Several folks voiced concern when what looked like a tornado was seen and photographed by several folks.

An emergency siren also went off at F. E. Warren, causing many to wonder why the emergency sirens weren’t activated everywhere.

We spoke to authorities, and here’s what they had to say.

”If there’s funnel clouds. And its either radar indicated, or we have a trained spotter thats notified the national weather service of a siren, or of a tornado, sorry, that has touched the ground that’s going to, we’re on it,” said Jeanine West, Director of the Cheyenne-Laramie County Emergency Management Agency.

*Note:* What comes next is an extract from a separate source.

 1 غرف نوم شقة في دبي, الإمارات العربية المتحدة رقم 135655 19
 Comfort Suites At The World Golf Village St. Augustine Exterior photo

Authorities said that on Wednesday, May 24 th, Laramie County experienced several land spouts.

These slow-moving systems move from the ground up and typically max out at wind speeds of 60 miles per hour.

They do not cause much damage and therefore are not a part of the emergency management system or EMS watch.

EMS radar tracks tornadoes, which move from the skies down with wind speeds from 70 mph and up.

The outdoor warning sirens through ems were not activated on Wednesday because of this difference.

Folks that may have heard sirens were located on the F.E. Warren base through their system, which is not connected.

”Land spouts they typically form from the land up, and they are typically very short lived just lasting a few minutes they typically form on boundaries low level boundaries. Like a cold front or an outflow boundaries. And they are very much less detectable because they for from the ground up. And so usually we dont detect them until the end of their lifecycle,” said Steve Rubin, Meteorologist, NationalWeather Service-Cheyenne.

EMS says that when tornadoes hit, they will notify the public only with their sirens in the areas of concern.

They will put up a red polygon map on their site based on the national weather service to show the areas in danger.